* _Exercise data_:
▼
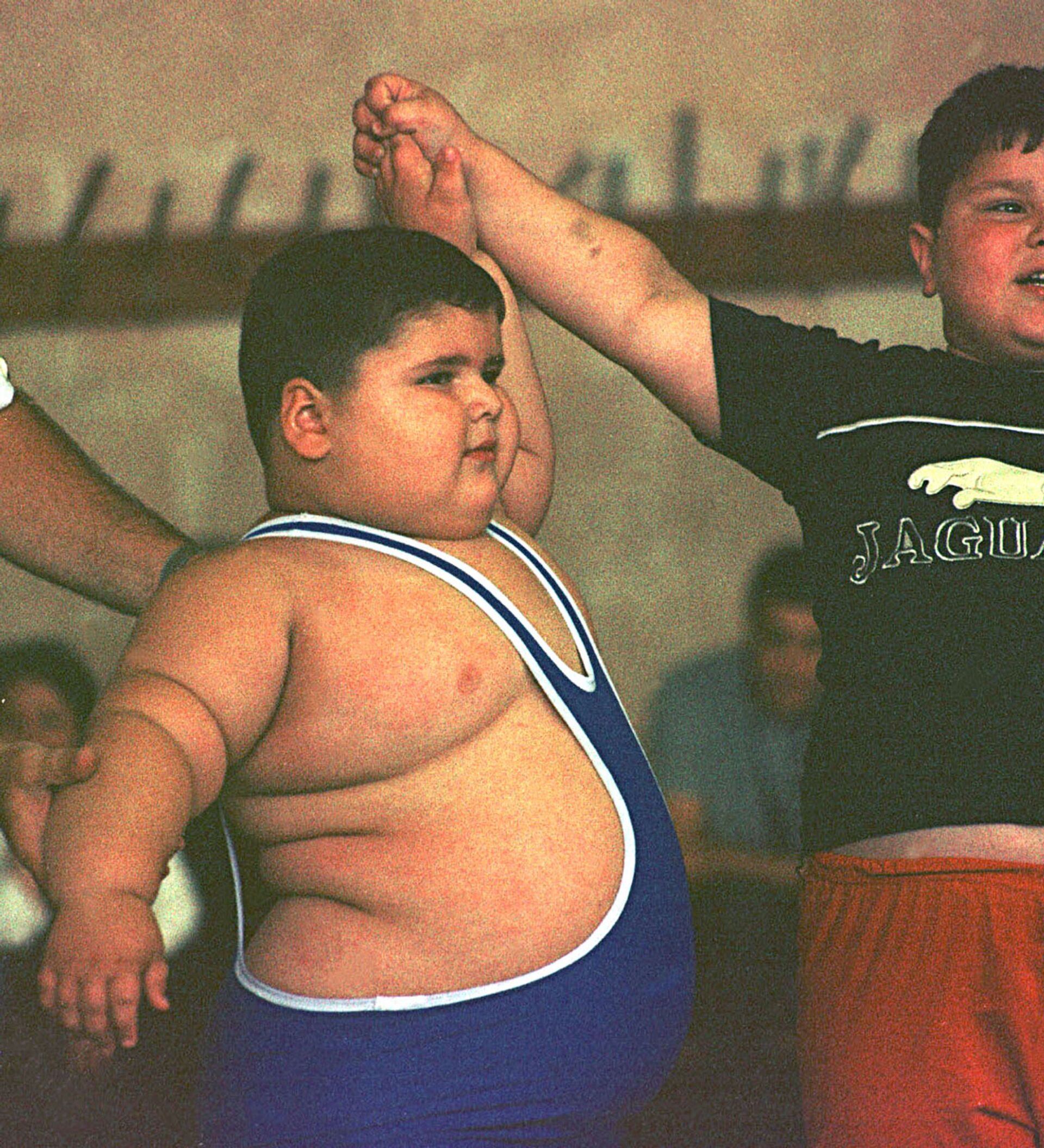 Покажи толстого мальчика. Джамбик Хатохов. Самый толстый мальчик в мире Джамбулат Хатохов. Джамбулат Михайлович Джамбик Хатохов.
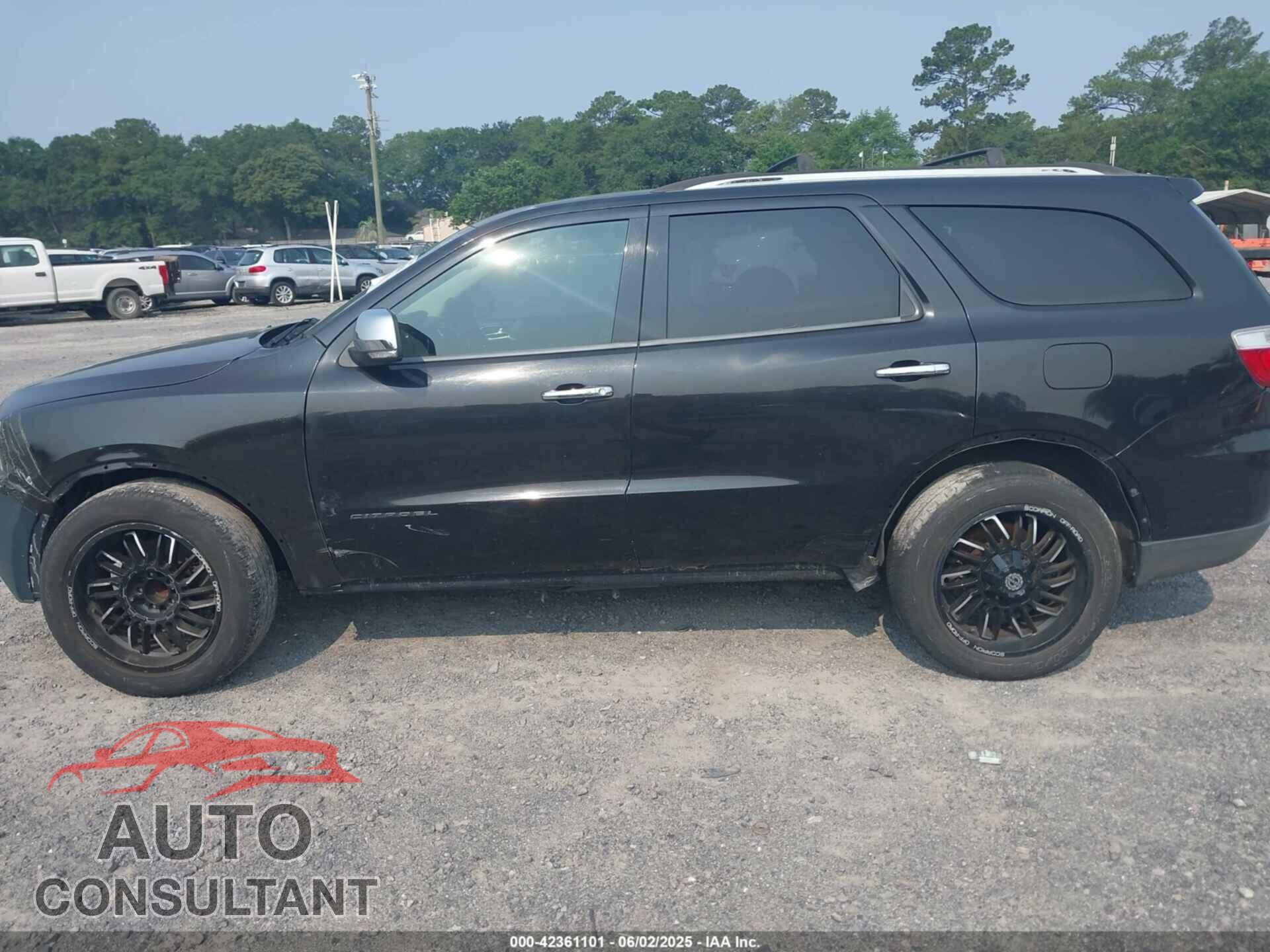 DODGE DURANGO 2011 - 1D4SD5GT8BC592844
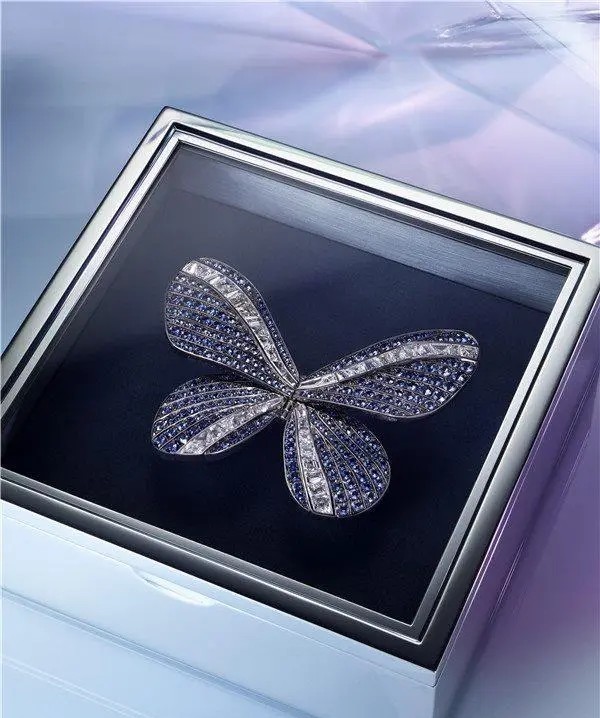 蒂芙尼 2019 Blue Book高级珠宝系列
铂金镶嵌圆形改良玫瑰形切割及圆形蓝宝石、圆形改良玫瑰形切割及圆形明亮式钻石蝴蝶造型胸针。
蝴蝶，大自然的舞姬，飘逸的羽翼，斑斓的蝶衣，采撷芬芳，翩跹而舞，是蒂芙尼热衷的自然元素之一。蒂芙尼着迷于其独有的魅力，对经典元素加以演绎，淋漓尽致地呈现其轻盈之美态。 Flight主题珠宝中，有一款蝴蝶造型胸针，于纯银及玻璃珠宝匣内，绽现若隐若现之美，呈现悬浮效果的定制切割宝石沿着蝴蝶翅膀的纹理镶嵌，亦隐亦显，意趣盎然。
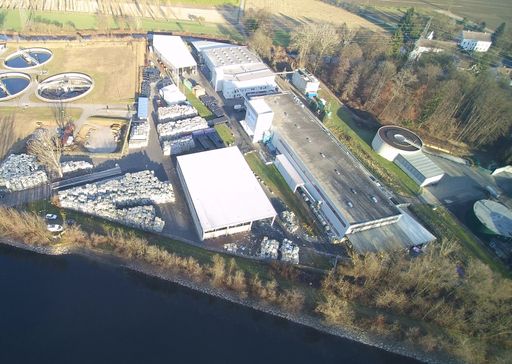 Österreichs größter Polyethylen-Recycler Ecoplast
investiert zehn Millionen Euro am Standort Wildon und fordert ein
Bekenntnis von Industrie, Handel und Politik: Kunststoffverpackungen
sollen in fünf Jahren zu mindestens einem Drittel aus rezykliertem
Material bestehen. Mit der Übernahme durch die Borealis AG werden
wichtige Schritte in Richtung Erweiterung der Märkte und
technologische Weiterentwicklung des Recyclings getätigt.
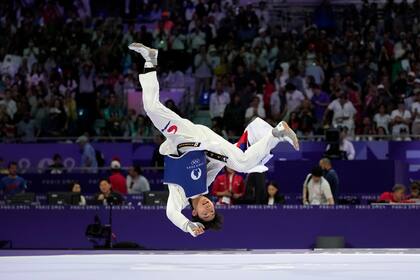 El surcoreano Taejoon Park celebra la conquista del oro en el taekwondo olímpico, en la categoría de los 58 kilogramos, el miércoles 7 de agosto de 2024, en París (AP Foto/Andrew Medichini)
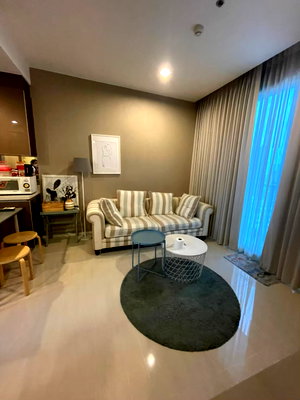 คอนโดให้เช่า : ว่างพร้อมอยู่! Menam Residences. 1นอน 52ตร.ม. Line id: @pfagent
▲
▼
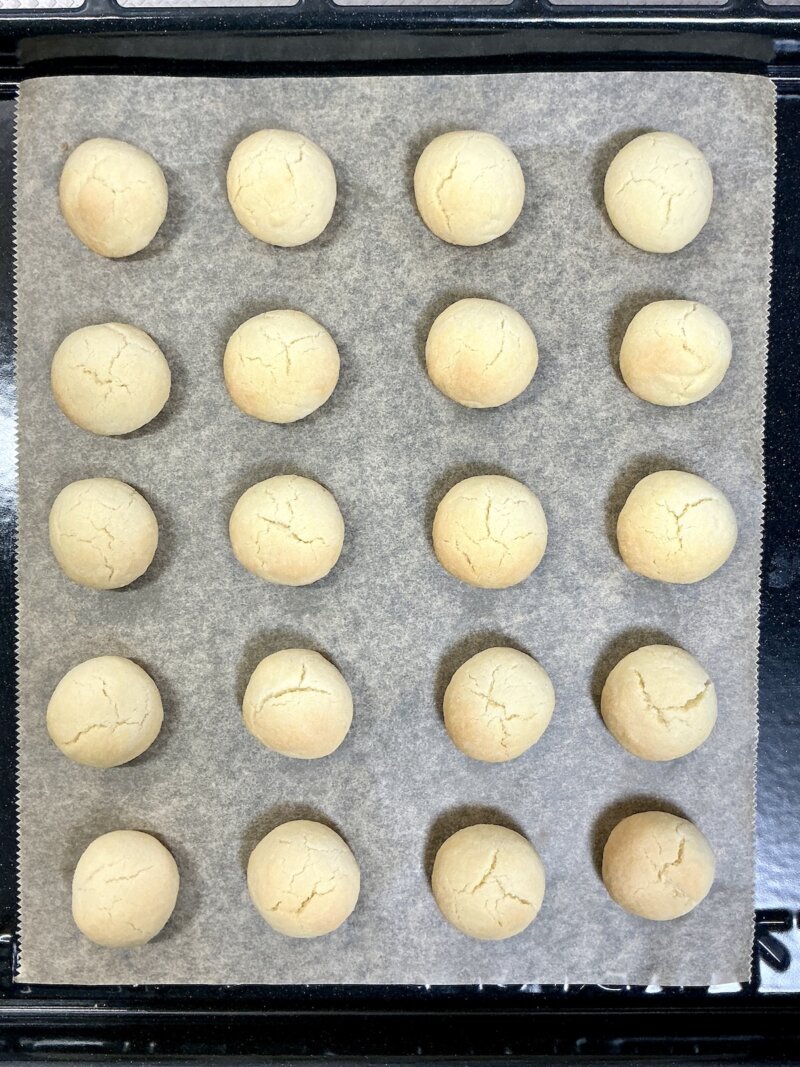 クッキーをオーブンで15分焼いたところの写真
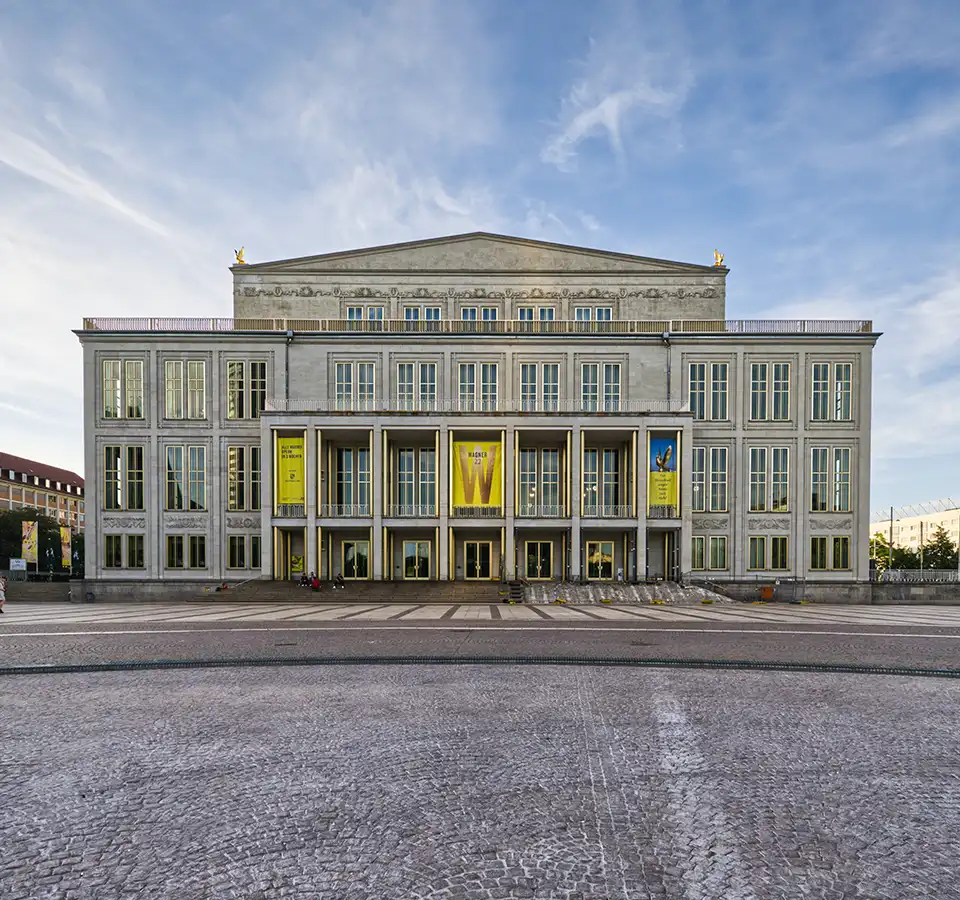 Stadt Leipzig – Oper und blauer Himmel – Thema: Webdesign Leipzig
▲
* _Activity_:
Repeat exactly the lines above, beginning at the one containing "Покажи толстого мальчика." and ending at the one containing "Österreichs größter Polyethylen-Recycler". Do not carry over any pictures.

* _Your response_:
 Покажи толстого мальчика. Джамбик Хатохов. Самый толстый мальчик в мире Джамбулат Хатохов. Джамбулат Михайлович Джамбик Хатохов.
 DODGE DURANGO 2011 - 1D4SD5GT8BC592844
 蒂芙尼 2019 Blue Book高级珠宝系列
铂金镶嵌圆形改良玫瑰形切割及圆形蓝宝石、圆形改良玫瑰形切割及圆形明亮式钻石蝴蝶造型胸针。
蝴蝶，大自然的舞姬，飘逸的羽翼，斑斓的蝶衣，采撷芬芳，翩跹而舞，是蒂芙尼热衷的自然元素之一。蒂芙尼着迷于其独有的魅力，对经典元素加以演绎，淋漓尽致地呈现其轻盈之美态。 Flight主题珠宝中，有一款蝴蝶造型胸针，于纯银及玻璃珠宝匣内，绽现若隐若现之美，呈现悬浮效果的定制切割宝石沿着蝴蝶翅膀的纹理镶嵌，亦隐亦显，意趣盎然。
 Österreichs größter Polyethylen-Recycler Ecoplast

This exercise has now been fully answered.